I was speaking with a leader in industrial robotics about some of the challenges they face in maintaining compliance with GDPR. I learned about the concerns for protecting personally identifiable information when images are being sent to the cloud at 5 Hz.

My initial thought was that, since these robots are performing object detection on-device, why not blur within the bounding box around a person pictured? However, I learned the problem was more subtle.

This is because it may be of interest to identify an object held in the hand of a worker on the factory floor, for example. Let's assume that personally identifiable info is not limited to photos with faces, otherwise we can get away with face detection and occlusion.

My partner and I have also been working on a project to develop an AI personal trainer. In this project, we are making use of PoseNet. As I went about my day, it occurred to me that this model is much more specialized to localizing on humans and so I started experimenting.

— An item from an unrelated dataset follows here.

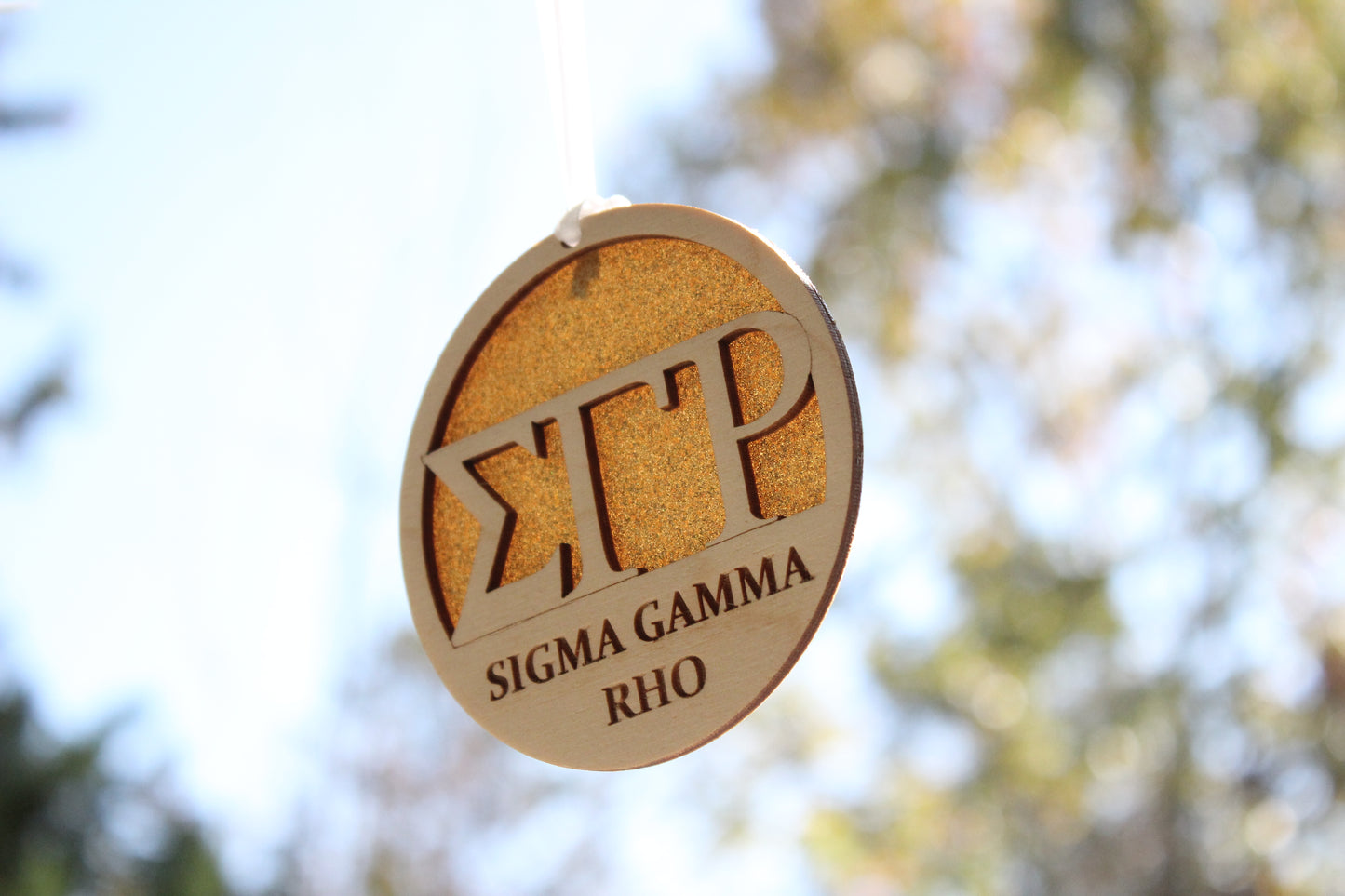 Sigma Gamma Rho - Laser Carved Ornament - 3" Round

With the use-case of tracking hands in mind, I ran PoseNet on some video of dancers. Applying opencv, we have a fast implementation which masks everything but the hands.

track body part PoseNet

Since PoseNet does not annotate every image frame with the location of a wrist, some images were discarded. Additionally, you'll notice the dancer move his wrist in front of the face. Also, for this quick demo, I chose one fixed size for the circular mask.

The natural next steps would include exploring ways to improve the quality of inference to identify the wrists. Or perhaps using continuity in time to guess the most likely position. In fact, using the configuration of the rest of the body, we can make a pretty good guess i.e. the wrist bone is connected to the arm bone :). This additional information will also help refine our mask when the face and hands are framed closely together. Finally, a simple rule which scales the mask with respect to the relative size of the figure pictured would help keep a tight crop around the hand and whatever we expect it to hold.

PoseNet is fast and specialized to identifying keypoints on the body. This makes the model a natural choice when we are interested in analyzing human behavior. Using the fact that bodies move smoothly in time along with their geometric regularities, we can more efficiently and precisely answer questions like these.